The exemption was finalized in December under the Trump administration but needed 60 days to take effect. Upon taking office Jan. 20, the Biden administration had the ability to halt and review any rule-making effort that was not in effect, and the exemption had an uncertain fate.
"This exemption allows for important investor protections, including a stringent 'best interest' standard of care for fiduciary recommendations of rollovers from ERISA-protected retirement accounts," said Ali Khawar, deputy assistant secretary of Labor for the Employee Benefits Security Administration, in a statement.
"We recognize that investment-advice providers have been preparing for the exemption, and this step will allow them to implement important system changes, Mr. Khawar said. "That said, we will continue our stakeholder outreach to determine how we might improve this exemption, the rule defining who is an investment-advice fiduciary, and related exemptions to build on this approach."
The Employee Retirement Income Security Act of 1974 currently prohibits investment advice fiduciaries from self-dealing, or taking actions that would provide additional compensation from transactions for themselves, their affiliates or related entities involving plans and individual retirement accounts.

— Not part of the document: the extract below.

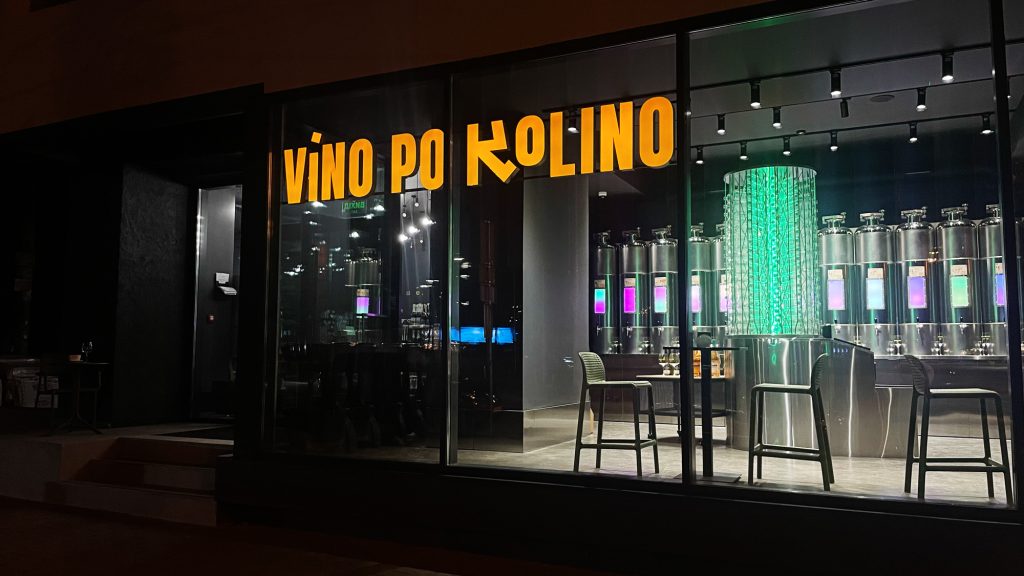 Фасад винного простору VINO PO KOLINO в Києві, з яскравим логотипом та вітриною, що демонструє сучасний інтер'єр та наливаторію.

Investment advice fiduciaries relying on the exemption would have to provide advice in the best interest of retirement investors and give those investors basic information about conflicts of interests, said Jeanne Klinefelter Wilson, former acting assistant secretary of labor for the EBSA under the Trump administration, on a briefing call with reporters in December.
Mr. Khawar, who is the EBSA's current acting head, said the agency in the coming days will publish related guidance for retirement investors, employee benefit plans and investment advice providers.
"We are pleased that the Department of Labor has decided to proceed with the new exemption, which contains important protections for plan participants and certainty for plan advisers who want to work with those participants." said Brian Graff, CEO of the American Retirement Association. "We look forward to the opportunity to work with the Labor Department as they develop guidance and continue to improve this exemption in the months ahead."
Upon proposing the exemption June 29, the Labor Department also issued a final rule reinstating the five-part test used to determine whether an investment professional or financial institution is a fiduciary. It was in 2016 that the Labor Department under the Obama administration finalized a rule, commonly known as the fiduciary rule, that aimed to replace the five-part test by broadening the definition on when a person or entity is taking on fiduciary responsibilities. The 2016 rule was struck down in federal court in 2018.
The Securities and Exchange Commission's own best-interest standard, known as Reg BI, went into effect in June, but the debate on investment advice and exactly who is a fiduciary is likely to continue under the Biden administration.